Internet est un univers indomptable et instable, dira-t-on. Hélas, la vérité est ailleurs et pour la plupart, nous en avons déjà conscience. Une piqure de rappel serait bien judicieuse, afin de porter le message à toutes générations qui subsistent encore. Il n’est pas nécessaire d’en faire partir pour devenir utilisateur et c’est ce que l’on nous tend à nous démontrer. Adapté du roman éponyme de Dave Eggers, le film s’engage dans une analyse d’anticipation intéressante. Toutefois, la réalisation de James Ponsoldt peine à convaincre, notamment due à une mise en scène poussive et peu subtile.
On se laisse rapidement plonger dans la beauté et sensibilité de « The Circle », institution synonyme de service, de développement et d’innovation. Mae Holland (Emma Watson) fait alors son apparition comme personne lambda, rêveuse et avide d’ambition, comme de réussite. Qui ne partagerait pas les mêmes motivations ? C’est à alors que nous sommes en droit de nous demander en quoi un poste chez le grand manitou est bénéfique.

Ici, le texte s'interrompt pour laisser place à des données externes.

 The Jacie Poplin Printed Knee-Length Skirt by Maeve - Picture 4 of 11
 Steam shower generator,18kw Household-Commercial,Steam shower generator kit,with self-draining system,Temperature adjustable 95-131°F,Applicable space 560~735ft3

Reflet même de la transparence qui frappe chacun d’entre nous qui ne sait pas se tenir, la société programme une technologie qui efface techniquement le mot « secret » de toutes les bases de données. Basé sur les valeurs du Big Brother, The Circle est présidé par le charismatique Eamon Bailey (Tom Hanks). En pole position dans la cravate du génie de Apple ou encore le fabuleux de Facebook, il illustre ce parfait visionnaire plein de bonnes intentions. Il capte par le discours, ces mots, ces idées qui possèdent toutefois des failles que l’on ne peut inclure dans une série de codes informatiques : l’humain.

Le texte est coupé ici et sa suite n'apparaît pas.